You might be thinking, how much space can Chrome possibly use? It’s the sleekest browser around, right? I don’t know if it was the recent updates that did it, but the Chrome application was hogging 118 MB for the application–Firefox uses 27 MB, by comparison–and other files in my Application Data folder were taking up nearly a gigabyte of space.

Dropbox is a slick program that allows you to map a folder on your system to space in the cloud. You can drop-and-drag your files just like with any other Windows folder, but the files are stored on a server, and are accessible to you via a password-protected web page, or via any other computer where you install the Dropbox software. A change to the web interface or to a folder on any one system is automatically synchronized with the other systems. Even though I had put my local Dropbox repository on the MacDrive volume, the software itself was on the Windows partition, along with a heft chunk (~500 MB) of cache data, again, in the Application Data folder.

Before long, I was getting messages about low disk space on the Windows volume every few minutes. I tried to uninstall Open Office Writer, the only component of Open Office I originally had room to install, to free up 300 MB, and was informed that there wasn’t enough drive space to uninstall it. The irony! At one point, I had 0 KB free on my Windows volume. I managed to delete a few files until I could uninstall Open Office and Chrome.

On top of that, when running Windows XP in VMWare Fusion, Windows can’t access the MacDrive volume. Since that’s where I installed all my Windows software, I can run Windows in OSX, but I can’t run any of my Windows software.

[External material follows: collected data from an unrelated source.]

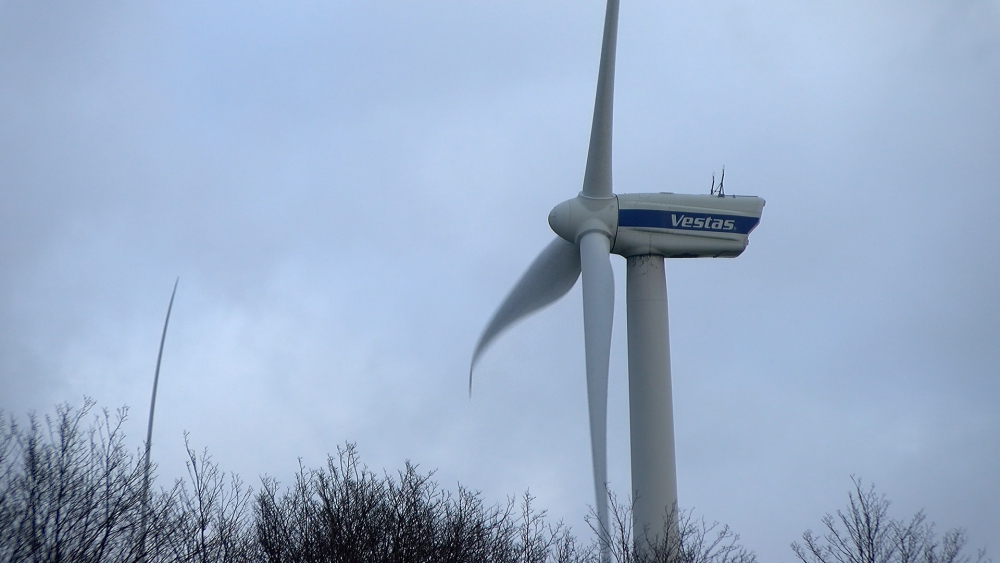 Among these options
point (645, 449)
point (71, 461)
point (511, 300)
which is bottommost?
point (71, 461)

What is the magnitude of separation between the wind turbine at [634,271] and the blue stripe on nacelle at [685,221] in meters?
0.03

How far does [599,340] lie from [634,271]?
11.4ft

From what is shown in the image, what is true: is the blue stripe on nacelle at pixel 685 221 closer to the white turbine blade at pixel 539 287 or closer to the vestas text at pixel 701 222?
the vestas text at pixel 701 222

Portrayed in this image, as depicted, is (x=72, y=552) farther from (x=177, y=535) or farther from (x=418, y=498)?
(x=418, y=498)

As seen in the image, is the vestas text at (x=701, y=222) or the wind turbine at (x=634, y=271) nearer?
the wind turbine at (x=634, y=271)

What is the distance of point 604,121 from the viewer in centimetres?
2567

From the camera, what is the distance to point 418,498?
24.9 meters

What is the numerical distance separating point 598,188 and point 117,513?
1464 centimetres

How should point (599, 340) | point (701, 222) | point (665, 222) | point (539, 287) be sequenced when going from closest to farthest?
1. point (599, 340)
2. point (665, 222)
3. point (701, 222)
4. point (539, 287)

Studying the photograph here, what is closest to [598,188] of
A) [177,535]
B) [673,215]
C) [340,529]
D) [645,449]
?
[673,215]

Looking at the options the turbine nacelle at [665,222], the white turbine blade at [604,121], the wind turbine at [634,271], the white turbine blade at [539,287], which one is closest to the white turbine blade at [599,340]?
the wind turbine at [634,271]

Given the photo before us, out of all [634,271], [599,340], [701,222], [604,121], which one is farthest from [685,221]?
[599,340]

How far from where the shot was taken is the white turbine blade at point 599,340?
22312 millimetres

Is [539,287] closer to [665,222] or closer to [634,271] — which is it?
[634,271] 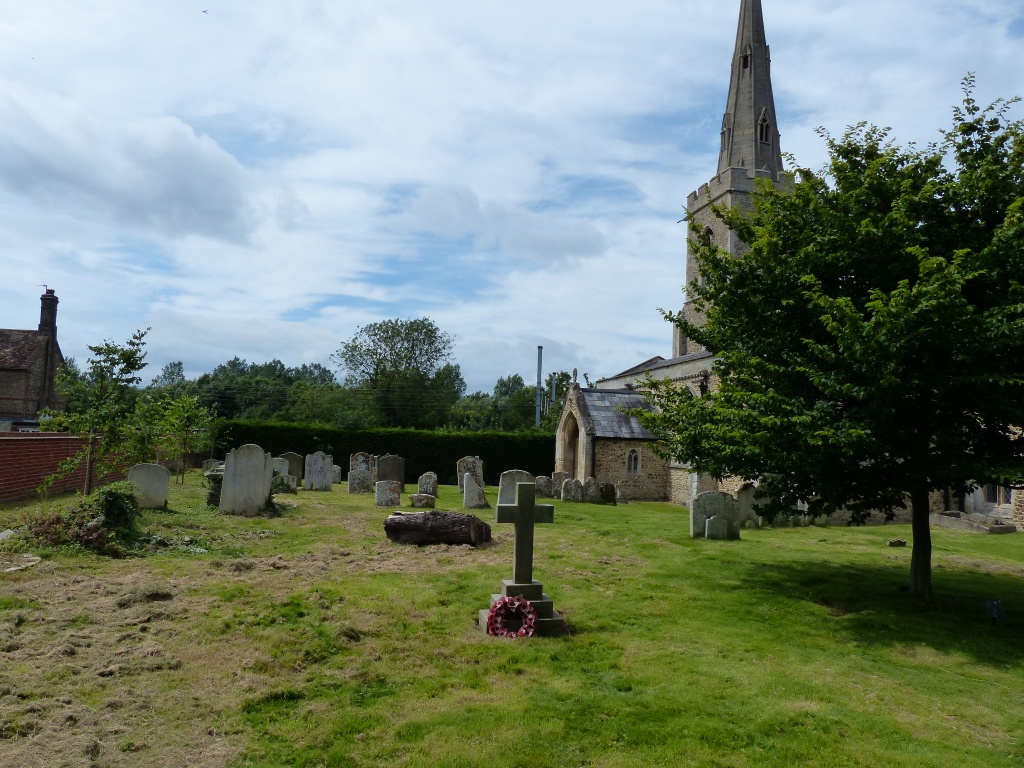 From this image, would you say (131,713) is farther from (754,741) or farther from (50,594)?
(754,741)

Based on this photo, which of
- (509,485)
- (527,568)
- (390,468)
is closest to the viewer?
(527,568)

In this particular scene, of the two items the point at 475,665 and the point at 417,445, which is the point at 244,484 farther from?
the point at 417,445

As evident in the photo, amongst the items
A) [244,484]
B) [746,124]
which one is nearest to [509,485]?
[244,484]

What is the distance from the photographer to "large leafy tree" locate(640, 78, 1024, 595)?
787 centimetres

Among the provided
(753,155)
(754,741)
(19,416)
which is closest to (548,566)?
(754,741)

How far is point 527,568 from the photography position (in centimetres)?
798

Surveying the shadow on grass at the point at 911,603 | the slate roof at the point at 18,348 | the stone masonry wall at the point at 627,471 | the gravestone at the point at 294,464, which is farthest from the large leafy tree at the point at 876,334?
the slate roof at the point at 18,348

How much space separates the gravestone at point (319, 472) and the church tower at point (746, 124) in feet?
70.2

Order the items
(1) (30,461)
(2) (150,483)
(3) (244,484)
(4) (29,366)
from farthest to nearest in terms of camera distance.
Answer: (4) (29,366) < (3) (244,484) < (1) (30,461) < (2) (150,483)

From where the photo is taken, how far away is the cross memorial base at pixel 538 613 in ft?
24.4

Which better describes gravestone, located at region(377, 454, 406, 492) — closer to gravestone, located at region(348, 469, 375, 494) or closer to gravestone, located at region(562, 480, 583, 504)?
gravestone, located at region(348, 469, 375, 494)

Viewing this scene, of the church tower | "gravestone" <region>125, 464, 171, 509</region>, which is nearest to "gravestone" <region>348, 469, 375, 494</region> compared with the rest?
"gravestone" <region>125, 464, 171, 509</region>

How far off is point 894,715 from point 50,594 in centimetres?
851

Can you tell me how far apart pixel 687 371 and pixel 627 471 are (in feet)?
15.4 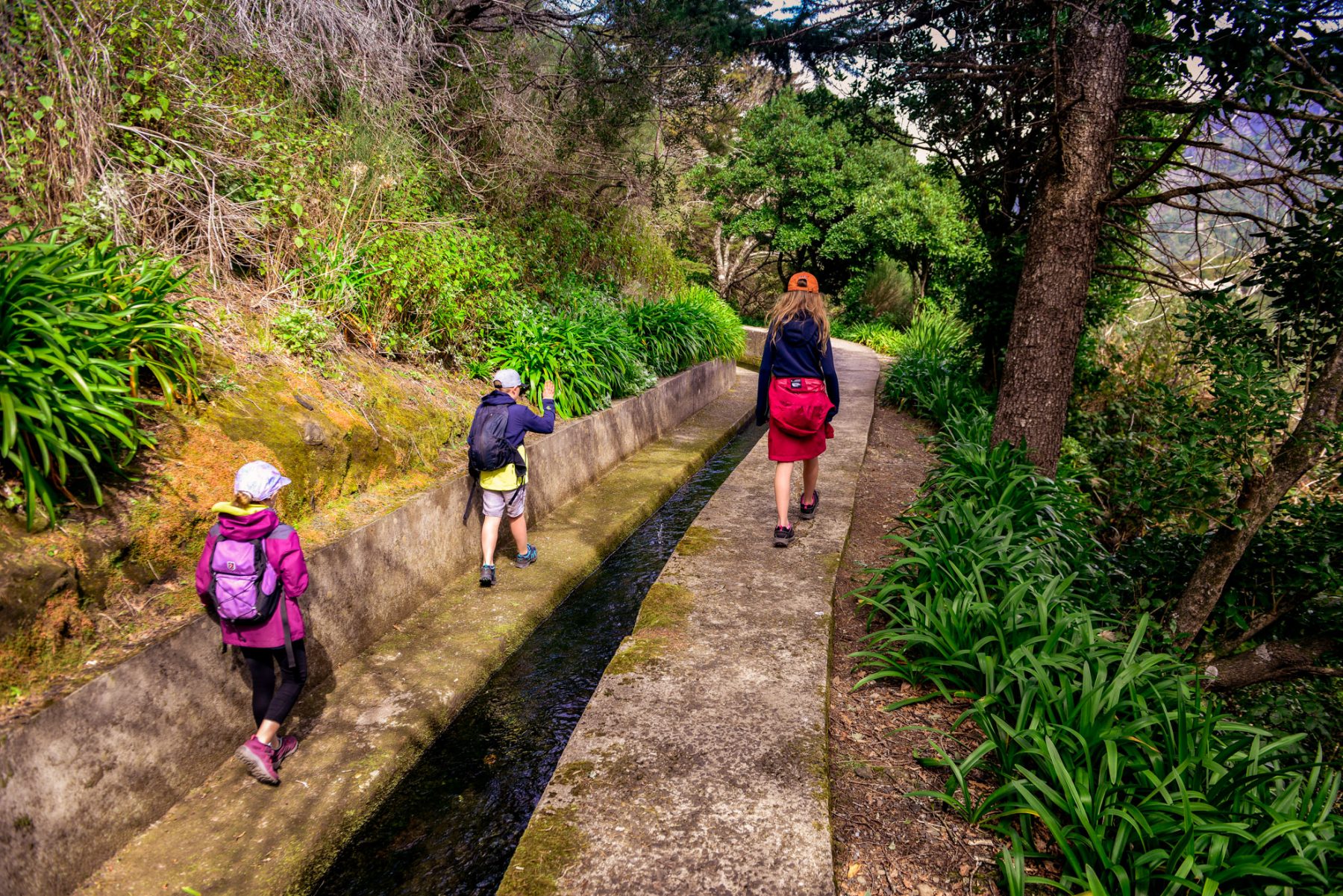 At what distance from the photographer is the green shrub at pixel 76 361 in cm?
276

How much space is enough space for your Windows partition? It’s hard to say. If you really want to run Windows from within VMWare Fusion, you should probably give it a sizable partition. Otherwise, I hope that giving it an extra 15 GB would be sufficient. Why be stingy when drive space is so cheap? Maybe I’m old-fashioned, but I prefer lean software to bloated. Can you imagine installing Chrome from floppies? Remember the The 5K Awards, for web sites that could pack a punch in mere kilobytes? OK, maybe we don’t need to be that sparing with our drive space, but a little efficiency would go a long way.